= Your task =
Each entry below needs to be transcribed verbatim; the images should not appear.

= Given data =
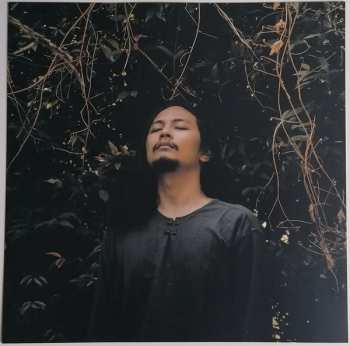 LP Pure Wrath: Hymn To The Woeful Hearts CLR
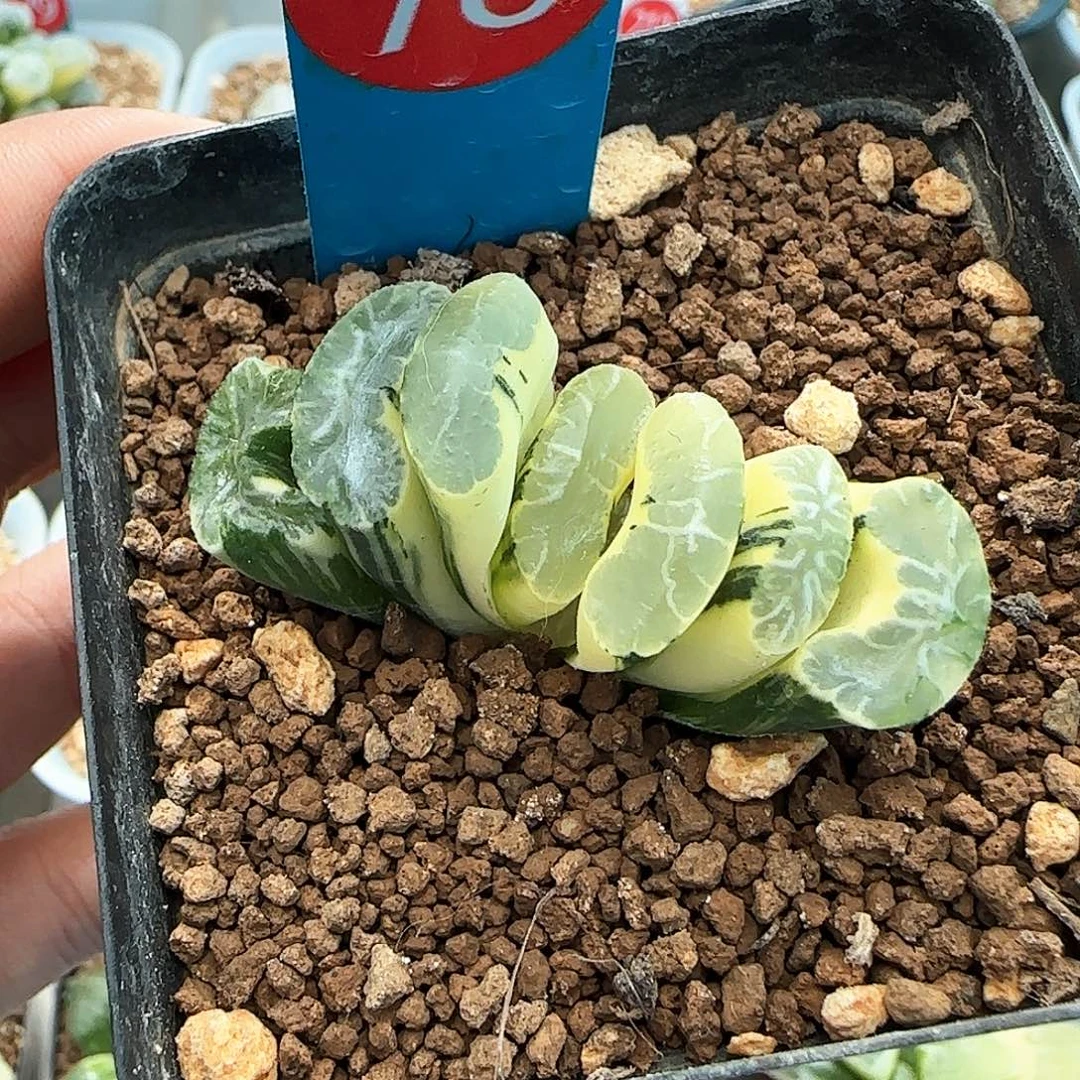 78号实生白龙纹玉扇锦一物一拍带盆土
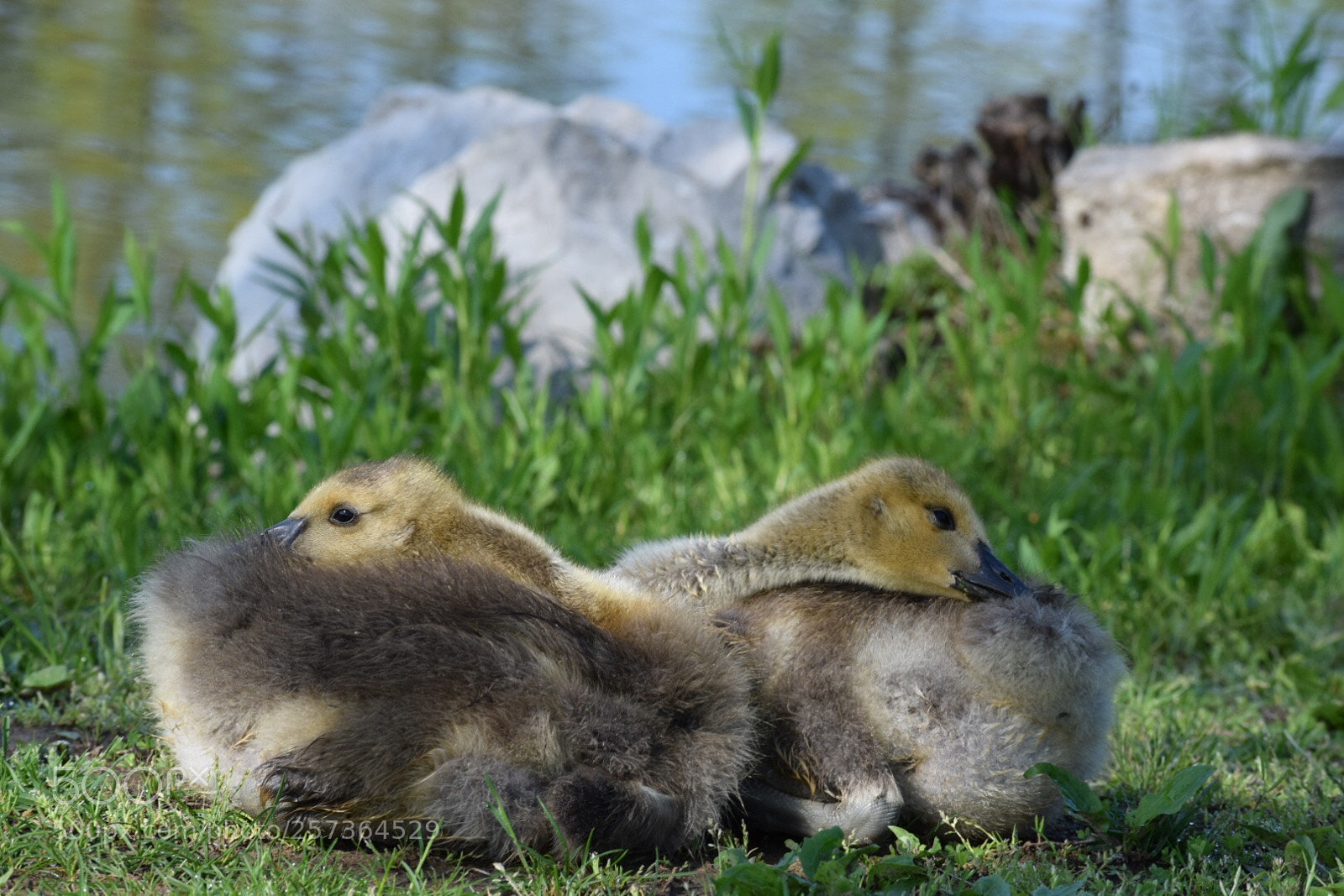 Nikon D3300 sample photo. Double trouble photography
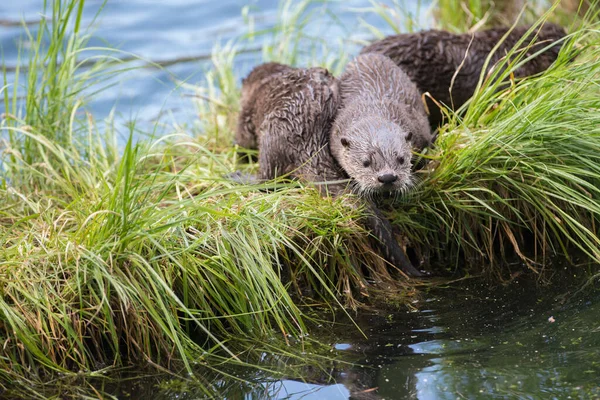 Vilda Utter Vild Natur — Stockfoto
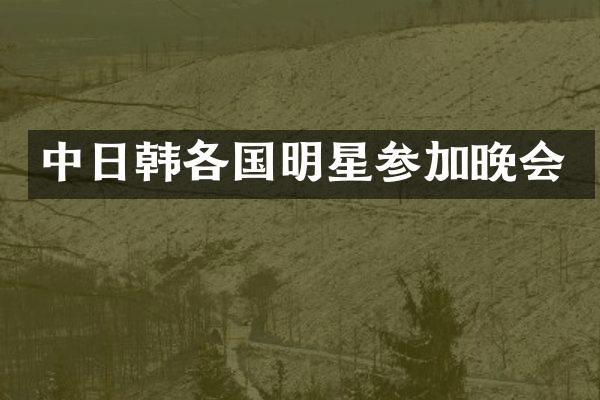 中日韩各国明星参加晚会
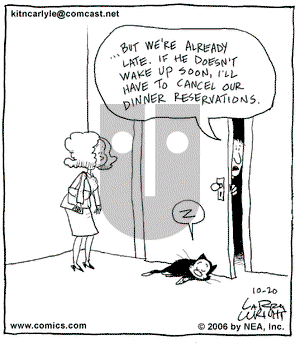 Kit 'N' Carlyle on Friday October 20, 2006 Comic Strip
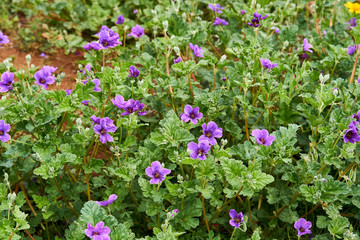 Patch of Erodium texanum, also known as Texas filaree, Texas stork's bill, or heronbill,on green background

= Finished exercise =
 LP Pure Wrath: Hymn To The Woeful Hearts CLR
 78号实生白龙纹玉扇锦一物一拍带盆土
 Nikon D3300 sample photo. Double trouble photography
 Vilda Utter Vild Natur — Stockfoto
 中日韩各国明星参加晚会
 Kit 'N' Carlyle on Friday October 20, 2006 Comic Strip
 Patch of Erodium texanum, also known as Texas filaree, Texas stork's bill, or heronbill,on green background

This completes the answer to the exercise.